Finding the father of a 19th century out-of-wedlock child is one of the most difficult questions in genealogy.

English law had a procedure for naming fathers in the 18th century. It gradually wore away in Victorian times, as the 'blame' for the situation devolved solely on the mother. Eventually it became illegal to name the father. His good name had to be protected.

Two students at the recent Research Academy on English genealogy in Salt Lake City had illegitimate ancestors whose fathers they wanted to find.

One of them was hampered because the baby's name was Jones. Harriett Jones had a son in the fall of 1891 in Sherburne, Dorset. The father was said to have died in a railway accident, and even a vague idea of the area where he died was given. The boy dropped his Jones name for a time as a youth and was known as Charles Davis, but then returned to his birth name for the rest of his life.

One piece of luck in this search was that the birth was in a census year.
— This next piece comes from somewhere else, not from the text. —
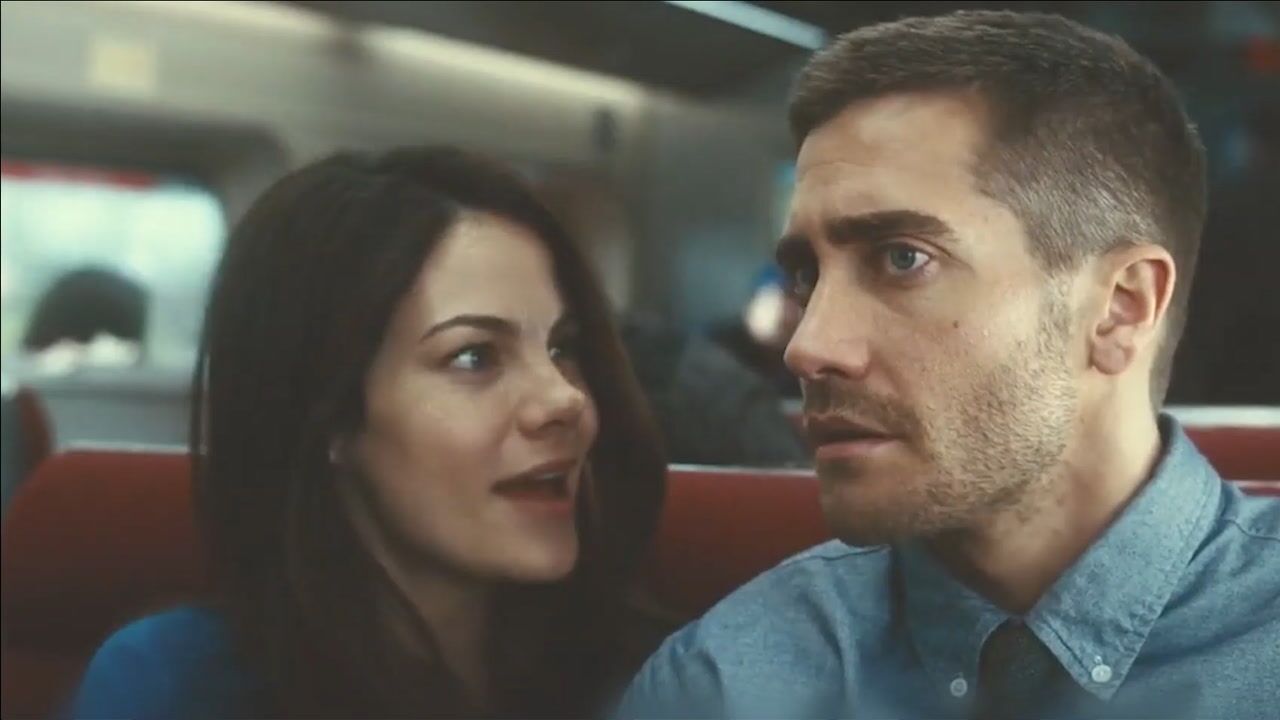 高分悬疑电影《源代码》,士兵被迫参加秘密实验,无数次复活只为找到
At the time the census was taken, in the spring of 1891, Harriett Jones would already have been pregnant.

In those less-mobile days, people often married their neighbours, because those were the people they saw and knew. I suggested the researcher have a look at Harriett's entry in the Sherburne census.

She lived in Westbury, a street or neighbourhood, and was a boarder in the house of the Chubb family. A glance down the page at other residents of Westbury showed that there was a man named Charles Davis living a few doors away.
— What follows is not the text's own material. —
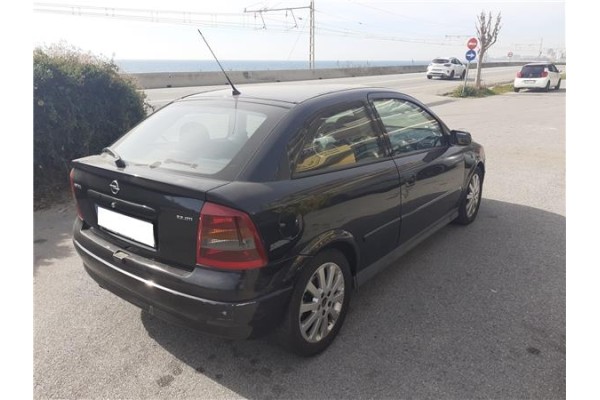 opel astra g coupe del año 2003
Davis is a Welsh name, not as common in England. There were only a handful of Charles Davises in all of Dorset in 1891. That one of them lived so near Harriett seemed a convenient coincidence.

Charles was a railway porter-here was a railway connection which fitted with family tradition. He was 20 and unmarried, living with his mother, Jane Davis. Both Charles and Jane were natives of the neighbouring county, Somerset, having been born at Corton Denham.
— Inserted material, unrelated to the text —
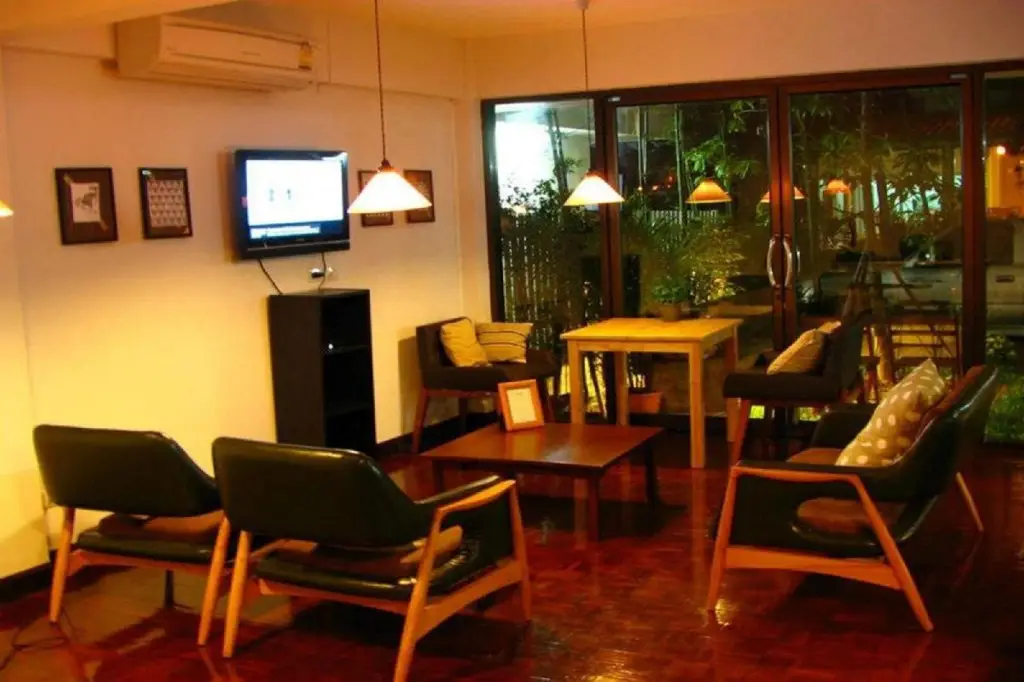 Бангкок: House 23 Guesthouse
A review of the Chubb family showed that Emma Chubb, the mother of the family, had also been born in Corton Denham. She was a suitable age to be Jane Davis' daughter.

Research in an earlier census confirmed that Emma Chubb had been born Emma Davis and was Charles' sister.

This left too many coincidences to be dismissed. Charles Davis would certainly have been in and out of his sister's house in Westbury, and could not help knowing Harriett. The fact that young Jones had been called Charles Davis for a time was a strong indication.

The story was that Harriett's beau had been killed before he could marry her. A preliminary search for Charles Davis' death in 1891 turned up no results, but it will be necessary to do the work in England itself to be sure.

Certainly this researcher has good reason to think that he has found his ancestor's unmarried father, even if concrete proof is still lacking. Given the situation of the law and custom at the time, there may be no actual document which names Charles Davis as Harriett's lover.

This case study was a good example of how genealogical searching must always include the friends and neighbours of our ancestors. They lived much more in their immediate communities than we do.

It also shows that family legend, so often untrustworthy, can be used as an indicator of where the truth lies. The legend may have changed over the years, but a grain of the original situation remains within it.